Taranaki Basin, New Zealand
Outcrops along the north Taranaki coast, North Island, New Zealand provide an opportunity to examine a variety of deep-water deposits. The lateral continuity of the exposures and slight tilting of the strata provide a nearly continuous sequence of many kilometers of vertical stratigraphy exposed along tens of kilometers of coast. Outcrops include the volcaniclastic Mohakatino Formation, the sandstone Mount Messenger Formation, and the siltstone-dominated slope deposits and sandstone and conglomerate filled slope channels of the Urenui and Kiore formations. The Mount Messenger Formation records both confined and unconfined deposition on one or more submarine fans. Generations of 2D and 3D, onshore and offshore, seismic-reflection data in intervals equivalent to the coastal outcrop section are available through collaboration with GNS Science (Lower Hutt, New Zealand).
Katherine Maier is completing a project on the Urenui and Kiore formations based on coastal outcrops and seismic-reflection data.
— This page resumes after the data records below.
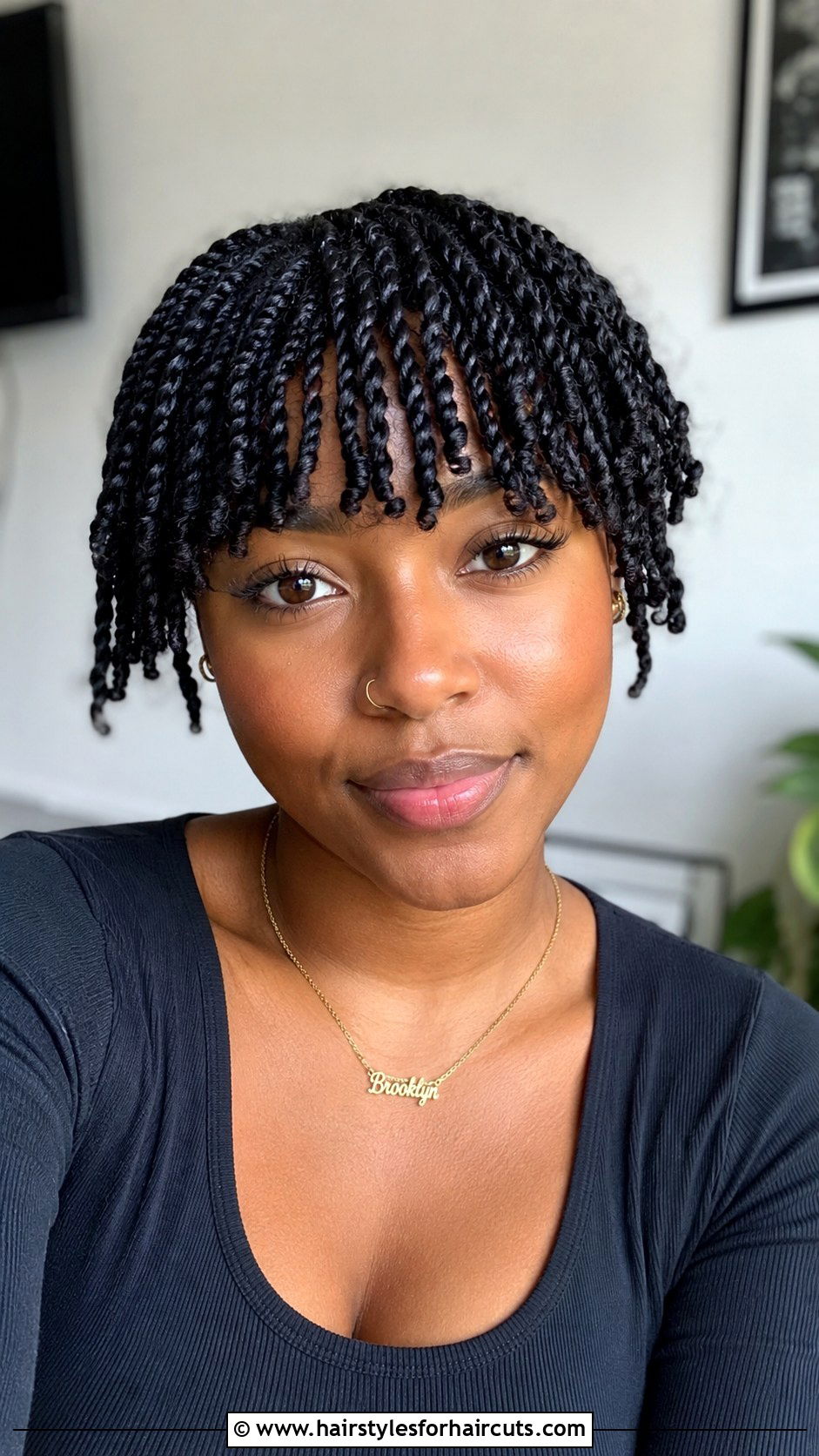Flat Twist Bangs - 25 natural hair flat twist hairstyles - 25 natural hair flat twist hairstyles
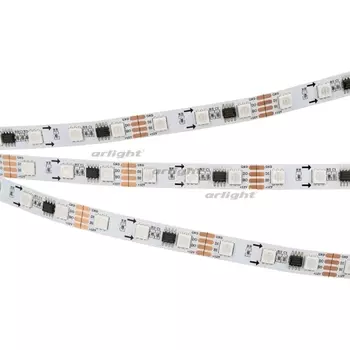 Светодиодная лента SPI-5000-RAM-5060-60 12V Cx3 RGB-Auto (10mm, 12W/m, IP20) (Открытый, IP20) 028871 (Arlight)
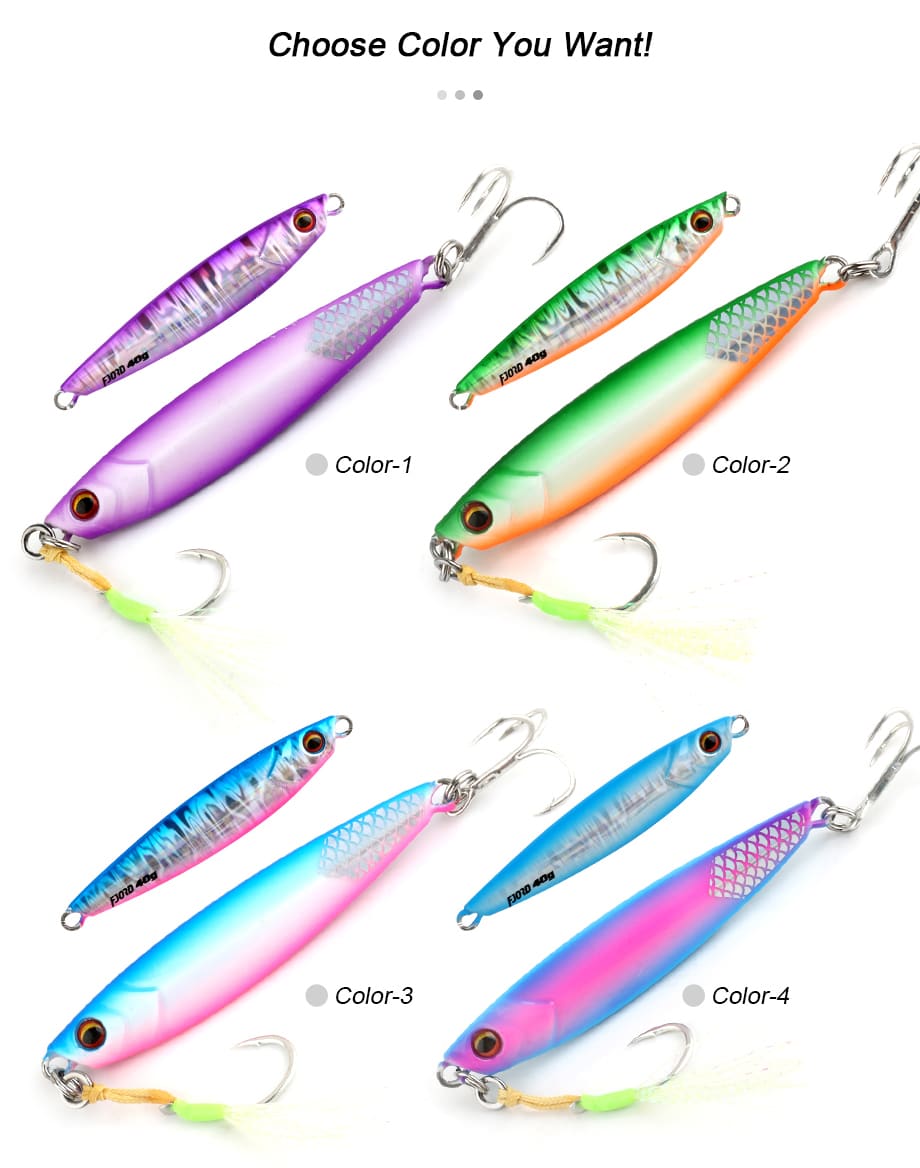 FJORD Saltwater Jigging Fishing Metal Jig Lure 20g Artificial Bait Sea Quickly Sinking Lures detail 3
Her research also includes dating of volcanic ash beds throughout the coastal sequence.
Larisa Masalimova is currently working in the Lower Mount Messenger Formation, and Jonathan Rotzien is in the Upper Mount Messenger. Both of these Mount Messenger Formation projects are focused on using an analysis of bed-scale sedimentation units and the implied flow properties, their stacking to form lithofacies, and the cyclic arrangement of lithofacies to upscale to the large-scale depositional architecture and evolution of the deep-water system.
Glenn Sharman has started research on spectacular coastal outcrops of large mass transport deposits in the Mohakatino Formation. His research will focus on the sedimentological and deformational characteristics of sand-rich slumps.
Image: Coastal outcrop of the upper-slope Waiau Channel, part of the upper Miocene Kiore Formation, Taranaki Basin, North Island, New Zealand.